Excerpted data START
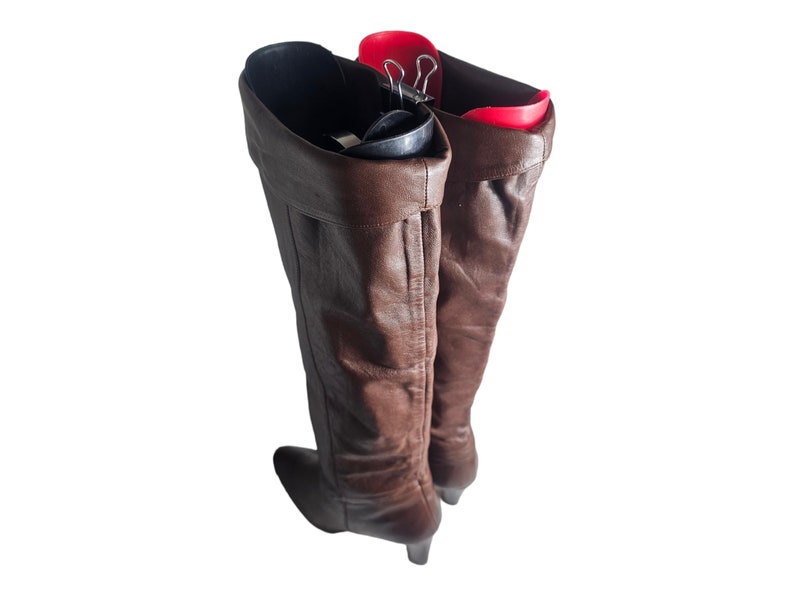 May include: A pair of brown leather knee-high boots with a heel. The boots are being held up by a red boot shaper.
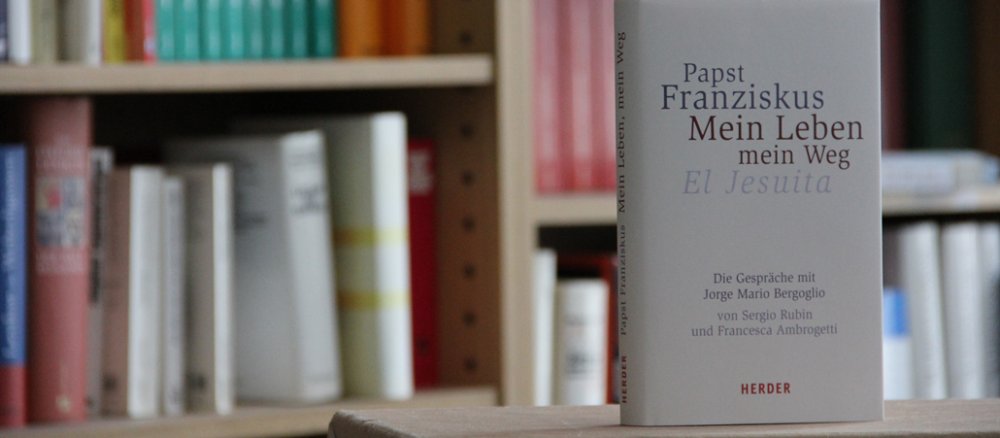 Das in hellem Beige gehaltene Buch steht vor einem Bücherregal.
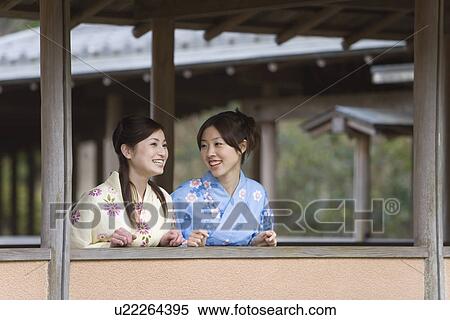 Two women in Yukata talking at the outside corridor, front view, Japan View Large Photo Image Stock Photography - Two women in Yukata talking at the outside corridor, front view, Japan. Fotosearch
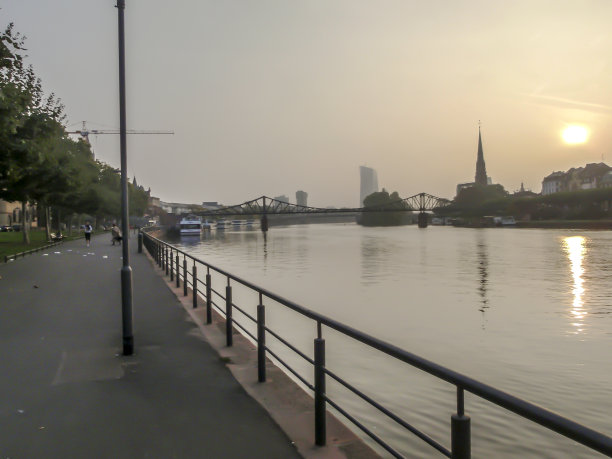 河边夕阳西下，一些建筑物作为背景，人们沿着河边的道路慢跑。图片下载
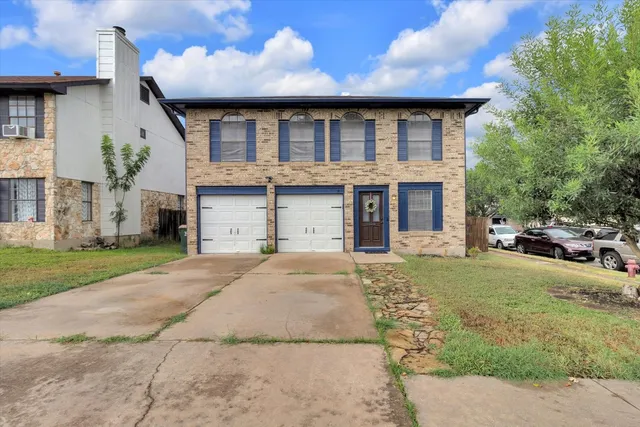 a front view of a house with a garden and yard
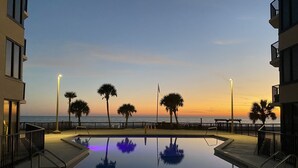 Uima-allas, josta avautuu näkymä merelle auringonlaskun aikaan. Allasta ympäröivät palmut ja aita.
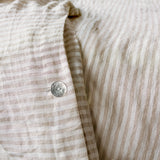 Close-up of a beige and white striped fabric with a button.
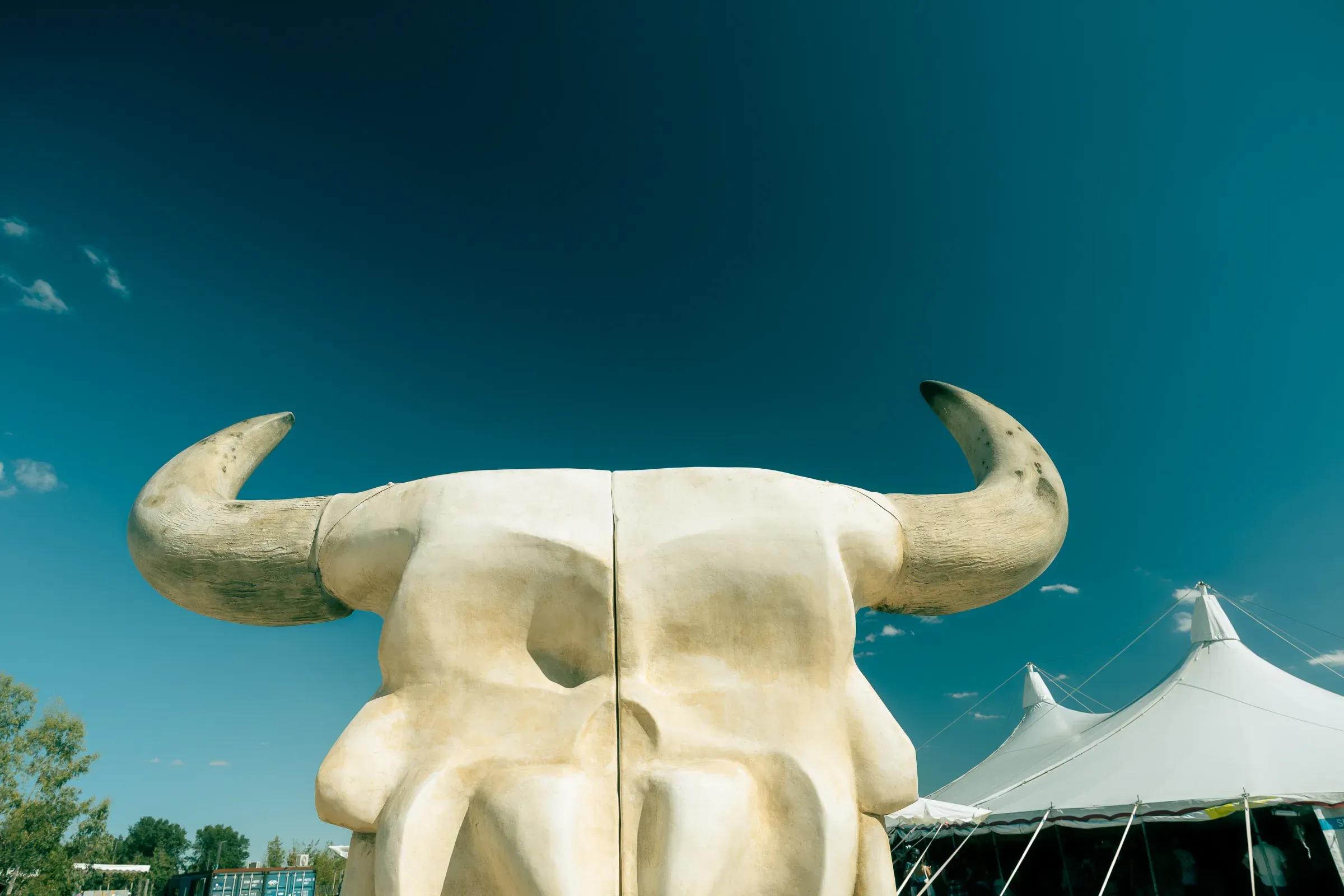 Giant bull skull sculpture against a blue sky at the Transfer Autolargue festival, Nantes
Excerpted data END
Directions:
Please retype, exactly and with the pictures left out, the lines from the line containing "a front view" through the last line of the records above.

Output below:
 a front view of a house with a garden and yard
 Uima-allas, josta avautuu näkymä merelle auringonlaskun aikaan. Allasta ympäröivät palmut ja aita.
 Close-up of a beige and white striped fabric with a button.
 Giant bull skull sculpture against a blue sky at the Transfer Autolargue festival, Nantes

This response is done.